(2023-05-03) Ode to 64K virtual machines
----------------------------------------
Many, if not most, VMs and interpreters that are meant to be implemented on
old hardware or just simulating old hardware experience anywhere else, are 
designed to work with 16-bit address bus and, as such, the maximum of 65536 
bytes of addressable memory. This started back in 1970s (when CPUs 
themselves had 8-bit buses) with Wozniak's SWEET16 and continues to this 
day, including but not limited to Uxn, VTL-2, CHIP-8 with all its flavors, 
PICO-8, Minicube64, OK64, many Forth implementations, most Subleq and other 
OISC implementations, and even my Equi. So, why does this work and why do I 
personally consider this amount of RAM (and 16-bit environments as a whole) 
optimal for day-to-day low-power human-scale computing?

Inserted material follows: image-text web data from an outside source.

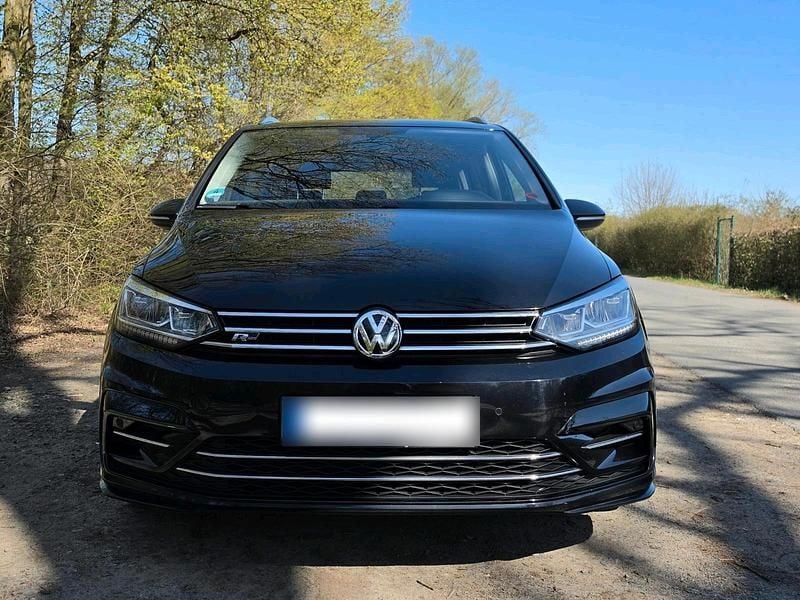 Second-hand VW Multivan 193 CP (141 kW) 2017 Negru Monovolum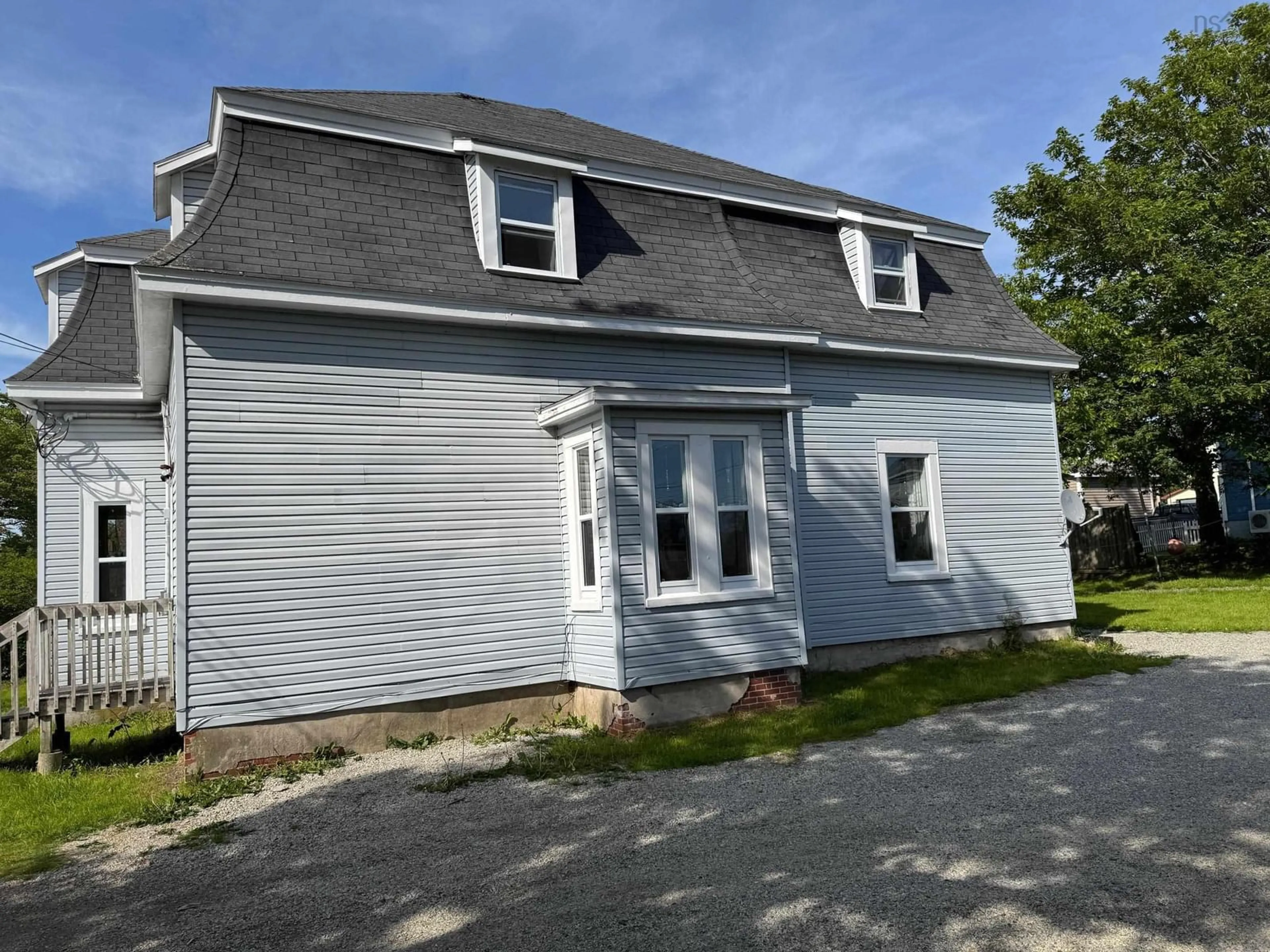 A pic from outside/outdoor area/front of a property/back of a property/a pic from drone, street for 95-97 Brunswick St, Yarmouth Nova Scotia B5A 2G7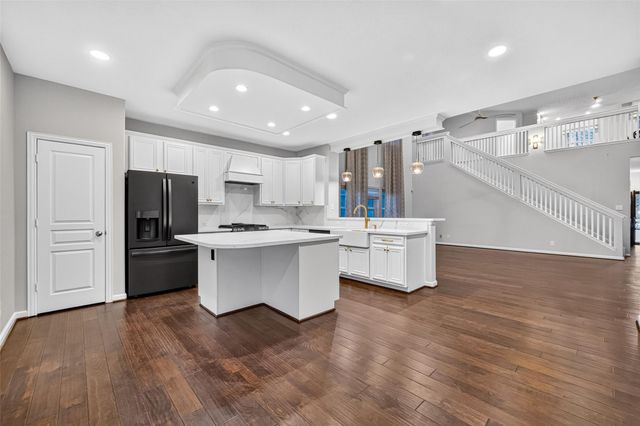 7122 Freesia Court, Baytown, TX 77521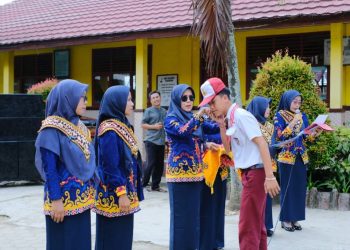 Meriah dan Haru, Pelepasan Siswa SDN 2 Merak Batin Natar Diwarnai Pentas Seni dan Pesan Inspiratif Kepala Sekolah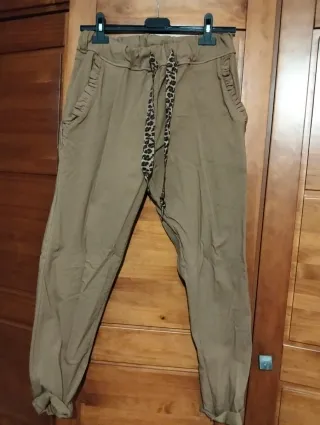 Pantalón jogger camel con cordones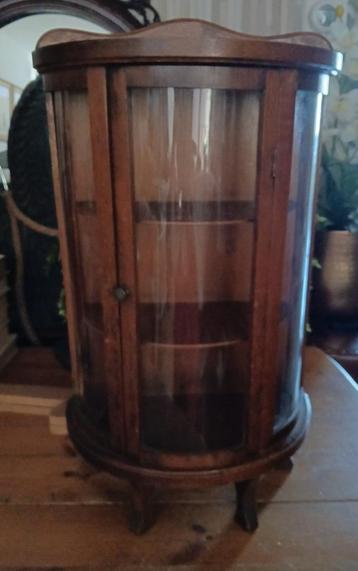 Halfrond vitrine kastje gebogen glas op pootjes beschikbaar voor biedingen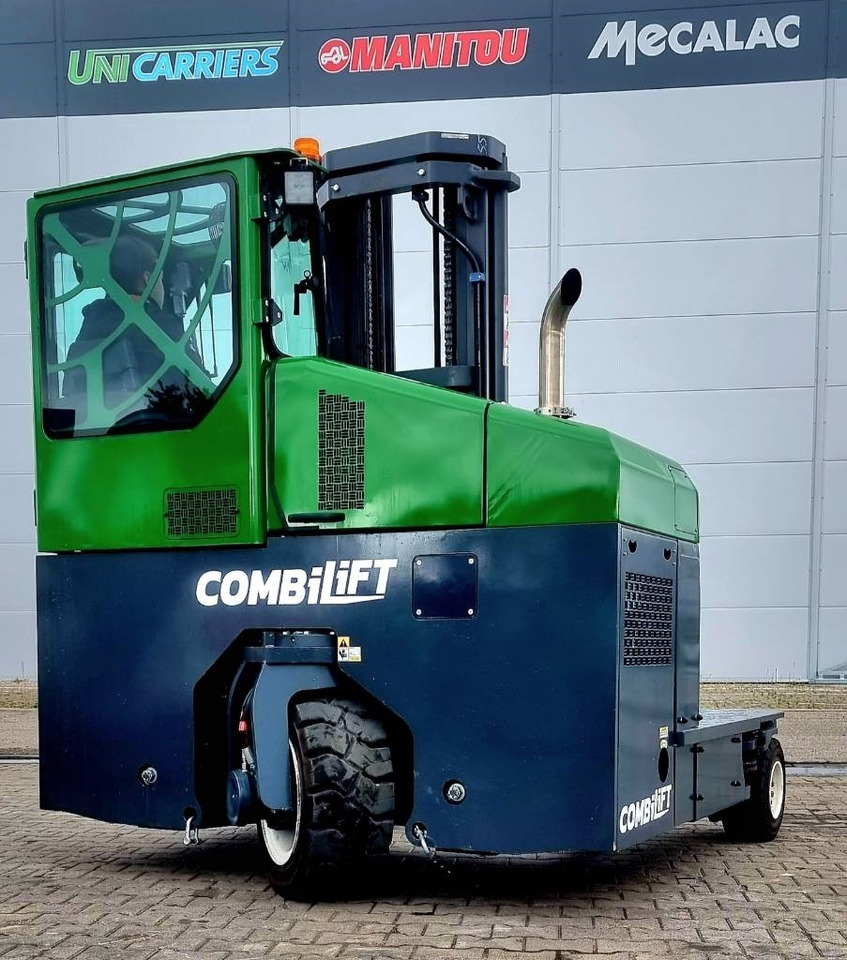 Combilift C 4000 MK4 DIESEL - Stivuitor cu catarg retractabil, cu schimbare rapidă de direcţie: Foto 3 Combilift C 4000 MK4 DIESEL - Stivuitor cu catarg retractabil, cu schimbare rapidă de direcţie: Foto 3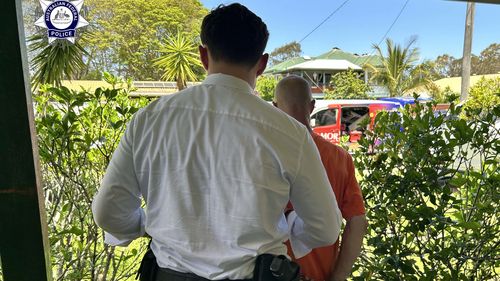 Não se sabe há quanto tempo o homem está no país.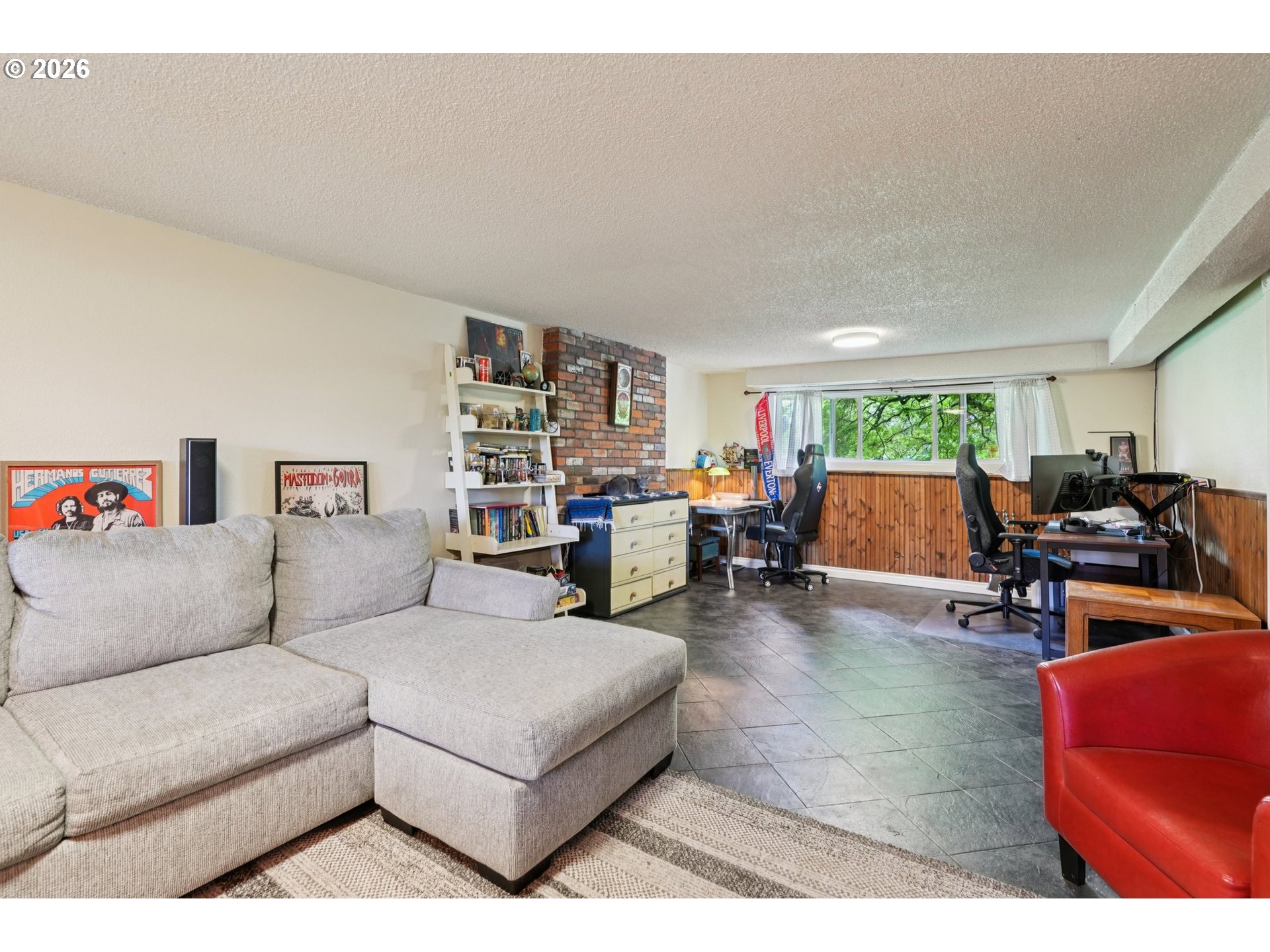 16660 Southeast Valley View Road Portland, OR 97267 - Photo 20 of 27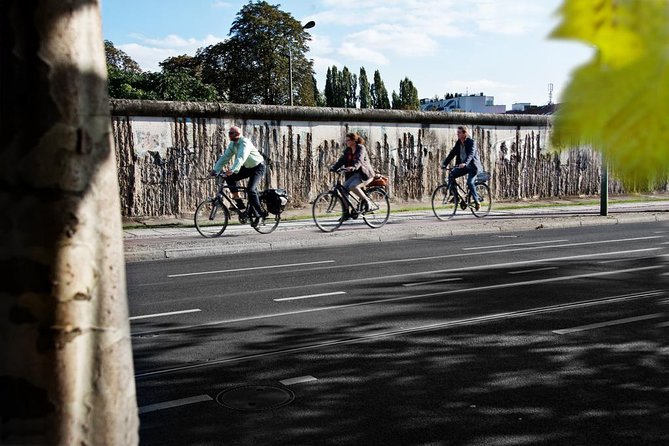 Berlin: Private Bike Tour of the Berlin Wall and Third Reich - The New Synagogue and a story of civil courage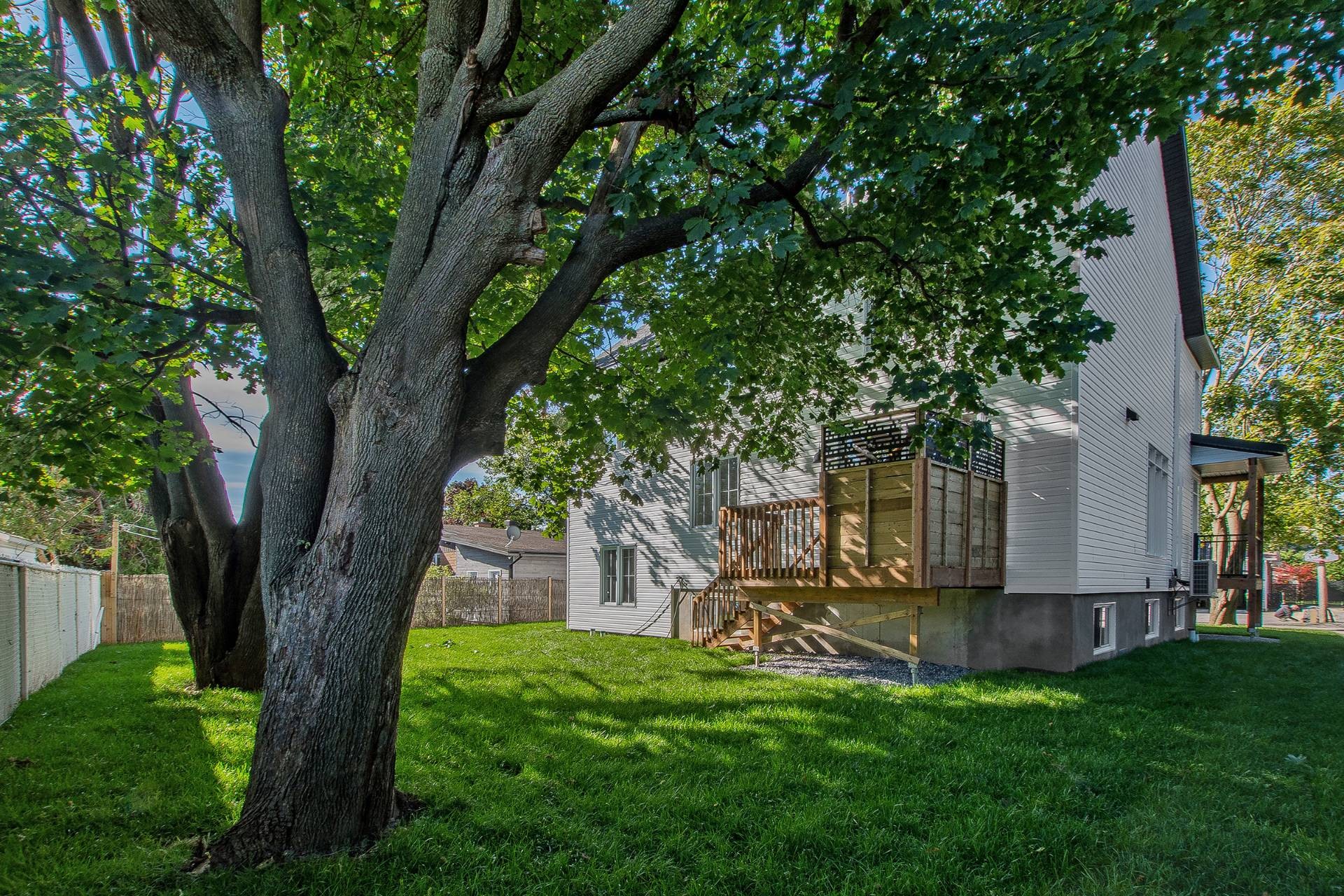 









39


24e Avenue S.

,
Bois-des-Filion,




QC
J6Z1X3

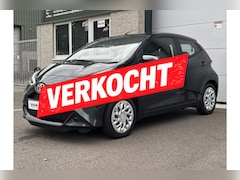Toyota Aygo - 1.0 VVT-i x-play Automaat Navi Carplay Camera Nap Airco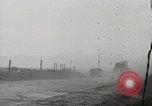 Standbild M4 Tanks Anzio Italien, 1944, aus Sekunde 40 historischem Filmmaterial Videoclip 65675059419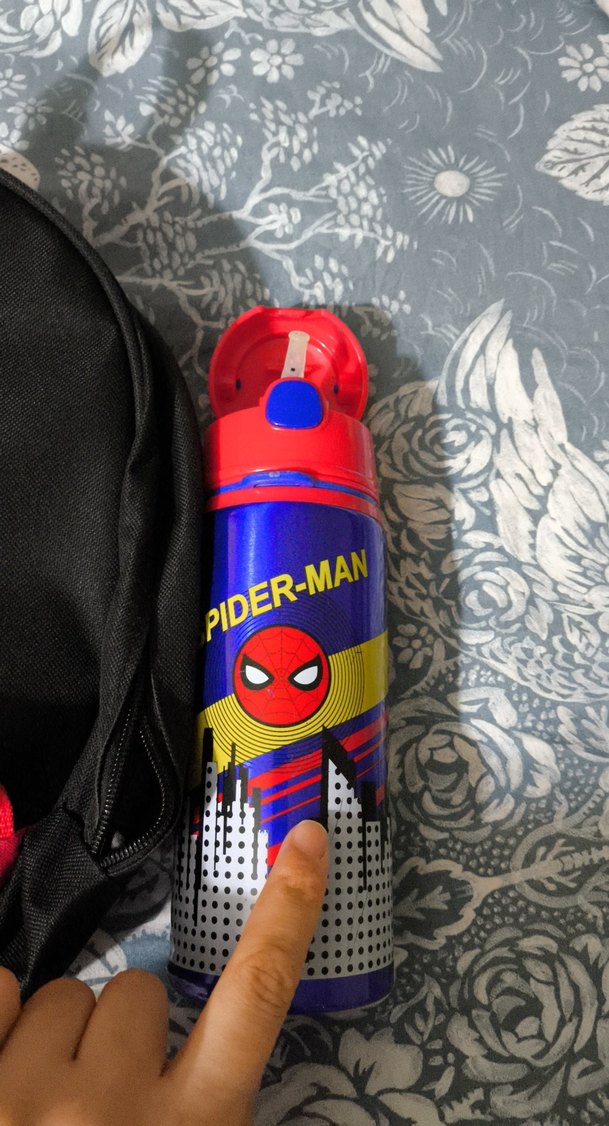 Örümcek Adam Temalı Renkli Çocuk Sırt Çantası - Görsel 4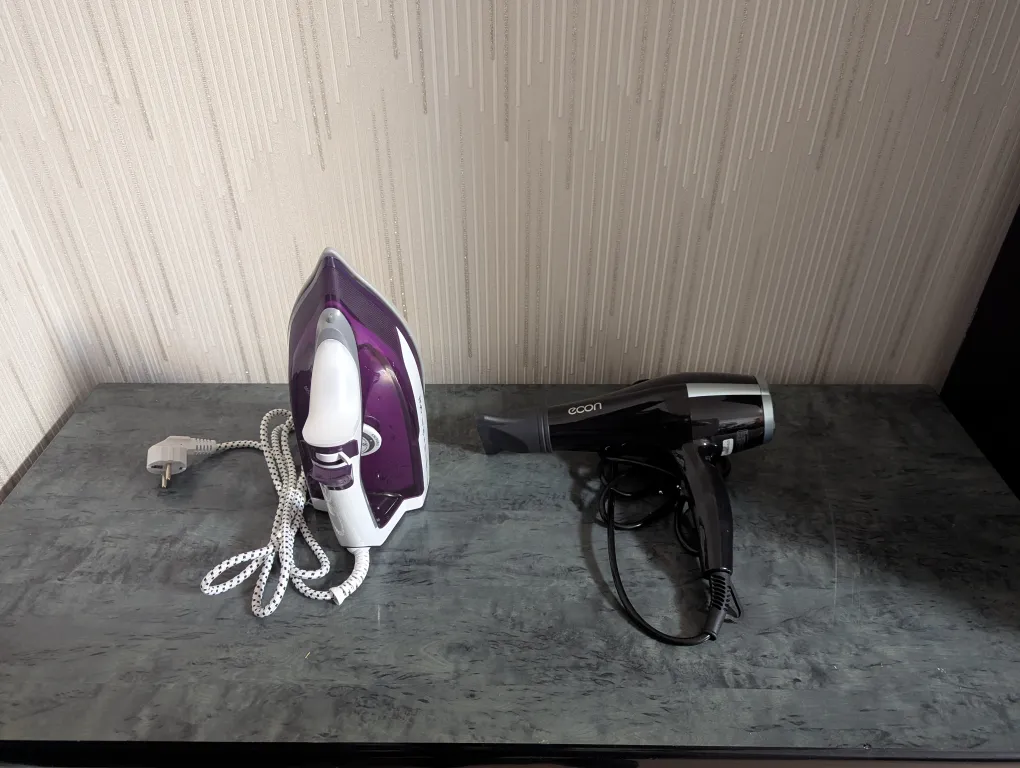 Студия размером с однокомнатную квартиру с 2 кроватями рядом с метро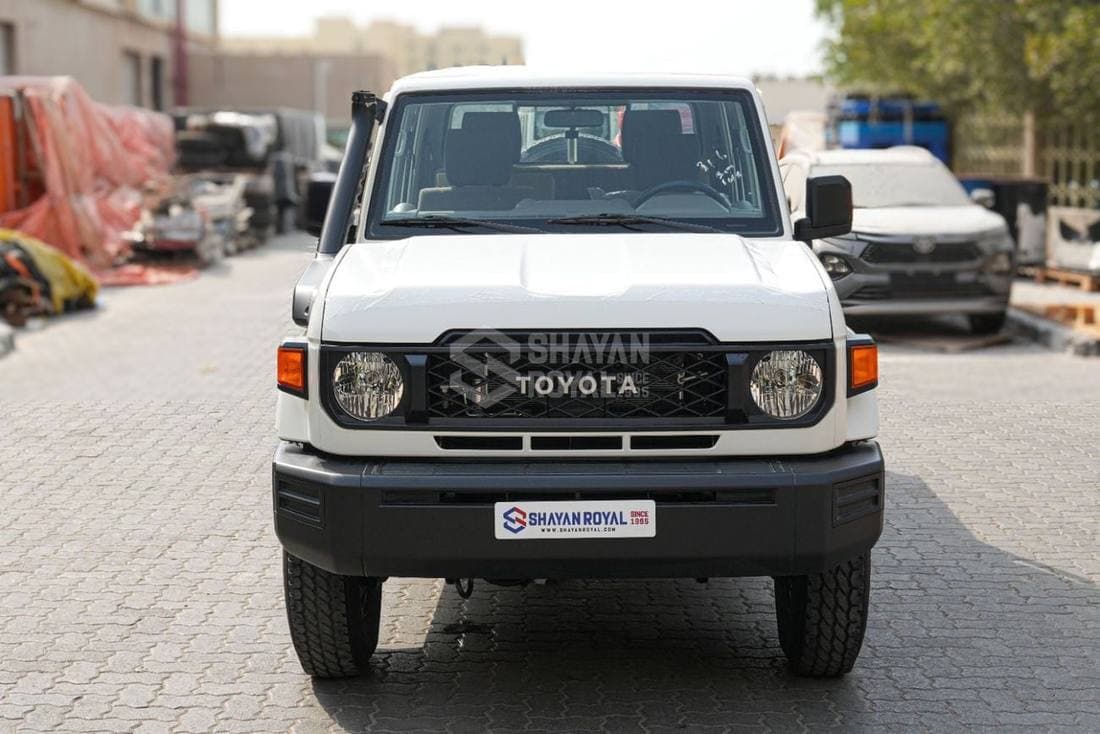 2026 Toyota Land Cruiser Pick Up LC79 thumbnail 2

First, let's get the most obvious thing out of the way. In order to be as
efficient as we can, we need the maximum address to be equal to the maximum 
value of the machine word. Hence, for systems with 8-bit machine words, 256 
bytes of RAM would be architecturally perfect, but, you guessed it, it's way 
too little and we can hardly fit anything in there... and if we do, let's 
remember how hard it was to program for Atari 2600 which did. So, we rather 
allocate two 8-bit machine words (or one 16-bit machine word) to store our 
address, which means 65536 bytes of RAM, which, you guessed it, has been 
enough for an entire generation of home computers and gaming consoles, 
especially considering that there was even less of the actual RAM and a good 
part of the address space was dedicated to video, input, sound and other 
ports and internal needs.

OK, so we have found out why 64K of addressed space is the smallest
comfortable amount. Now, why not more? Well, we can do more but the next 
comfortable stop is 24 bits or 16 MiB. To be honest, programs that occupy 
space this large are already far from human-scale. Of course there are 
legitimate scenarios for storing large amounts of data (and not code) in RAM 
all at once, like BWT-based compression (which is generally better when the 
block size is larger). Well, in this case, you can optimize your algorithms 
to use processing methods more suitable for working with storage (e.g. in 
case of BWT, replace quicksort with an external merge sort). The point is, 
there should be virtually nothing to fill that much RAM with, otherwise 
something else is definitely going wrong.

I'm not saying that memory usage over 64KB per application/VM should be
prohibited, but I'm saying it must be heavily motivated. Otherwise, DIY and 
LPC projects and platforms will eventually come to the state that mainstream 
software/platform development is in today.

--- Luxferre ---